Start of SUPPLIED ENTRIES

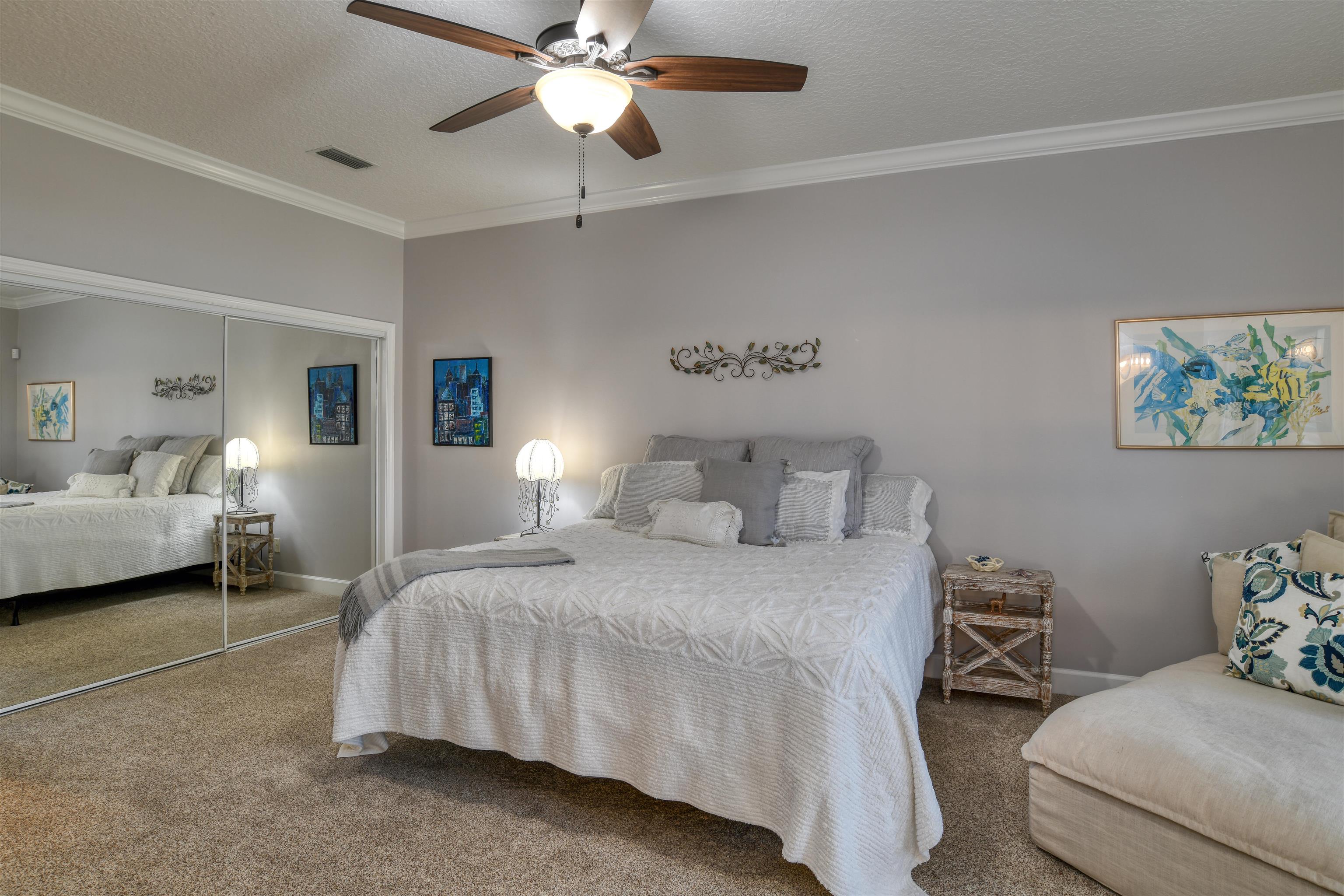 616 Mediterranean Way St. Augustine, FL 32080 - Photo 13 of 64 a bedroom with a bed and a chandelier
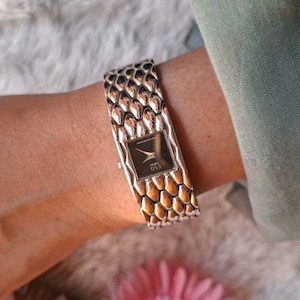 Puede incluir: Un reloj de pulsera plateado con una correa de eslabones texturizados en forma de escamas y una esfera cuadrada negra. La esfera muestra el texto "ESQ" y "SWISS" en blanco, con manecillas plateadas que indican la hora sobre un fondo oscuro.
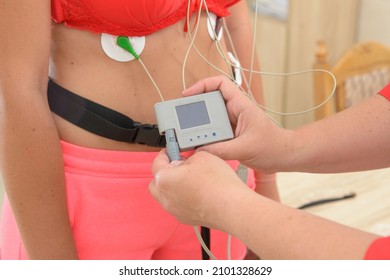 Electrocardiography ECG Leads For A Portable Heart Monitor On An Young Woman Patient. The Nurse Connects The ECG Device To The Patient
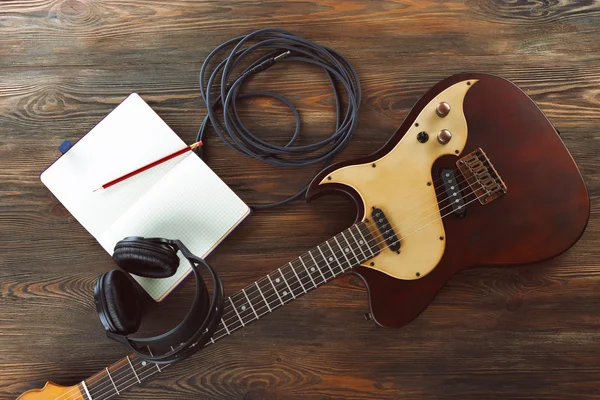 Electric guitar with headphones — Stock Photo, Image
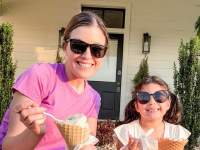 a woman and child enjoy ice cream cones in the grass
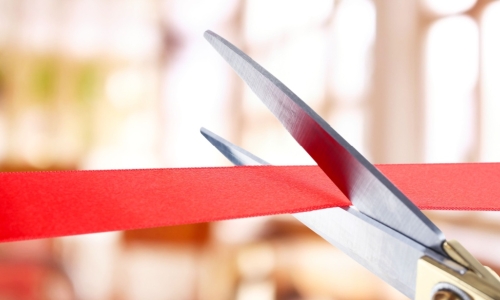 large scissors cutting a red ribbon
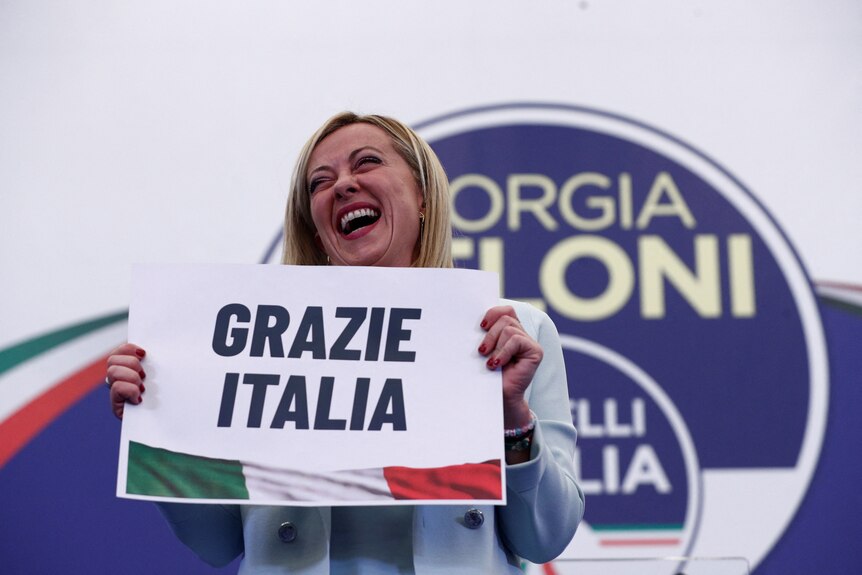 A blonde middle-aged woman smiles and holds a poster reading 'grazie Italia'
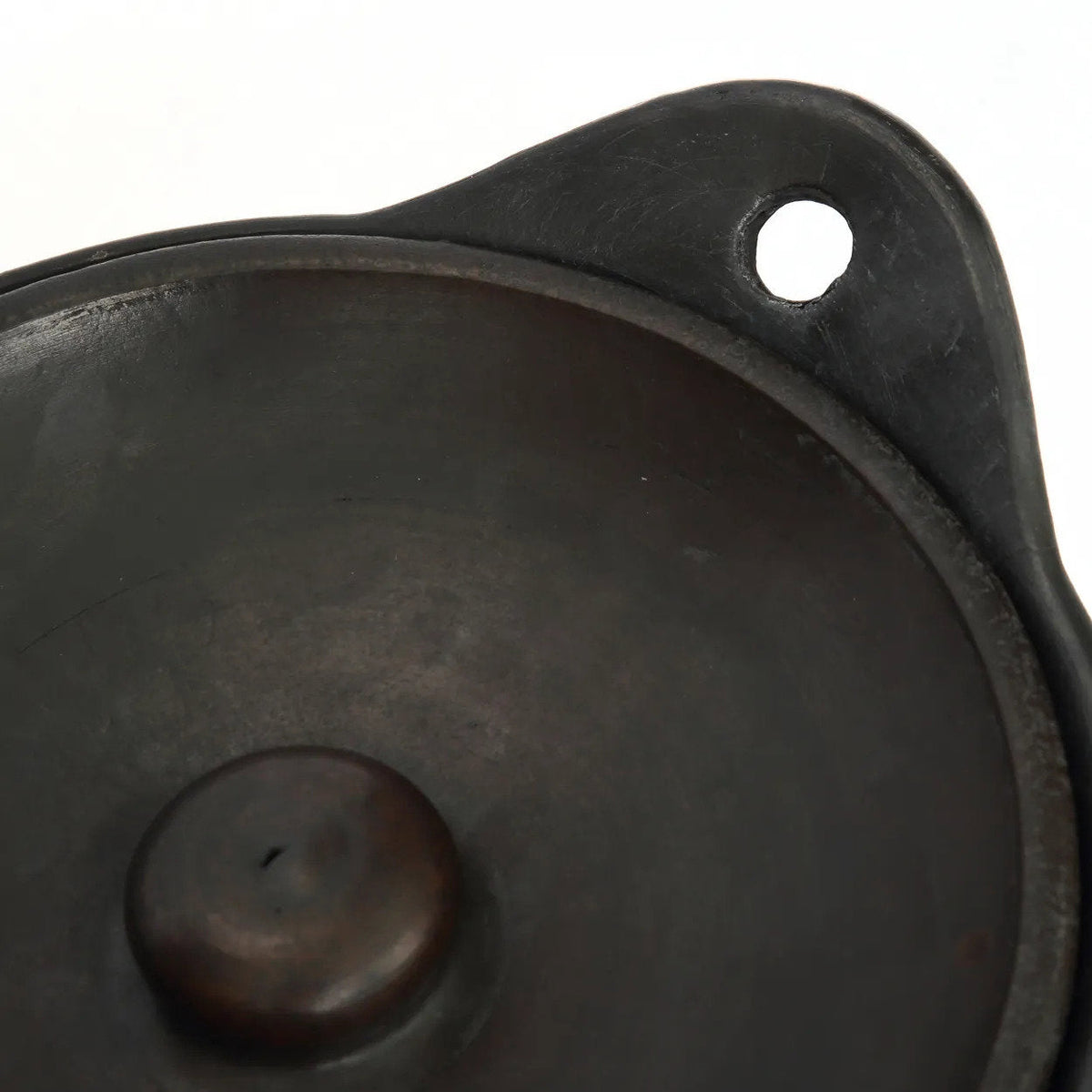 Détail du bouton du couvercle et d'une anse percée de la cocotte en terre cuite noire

End of SUPPLIED ENTRIES
Start of SUPPLIED ENTRIES

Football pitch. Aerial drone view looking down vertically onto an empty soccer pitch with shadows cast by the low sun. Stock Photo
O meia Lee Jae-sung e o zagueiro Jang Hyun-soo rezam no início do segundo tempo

End of SUPPLIED ENTRIES

WHAT YOU NEED TO DO: Extract from the material above the stretch running from the line containing "Puede incluir: Un" through the line containing "Détail du bouton". Keep the text exact and the pictures out.

WORKED SOLUTION:
 Puede incluir: Un reloj de pulsera plateado con una correa de eslabones texturizados en forma de escamas y una esfera cuadrada negra. La esfera muestra el texto "ESQ" y "SWISS" en blanco, con manecillas plateadas que indican la hora sobre un fondo oscuro.
 Electrocardiography ECG Leads For A Portable Heart Monitor On An Young Woman Patient. The Nurse Connects The ECG Device To The Patient
 Electric guitar with headphones — Stock Photo, Image
 a woman and child enjoy ice cream cones in the grass
 large scissors cutting a red ribbon
 A blonde middle-aged woman smiles and holds a poster reading 'grazie Italia'
 Détail du bouton du couvercle et d'une anse percée de la cocotte en terre cuite noire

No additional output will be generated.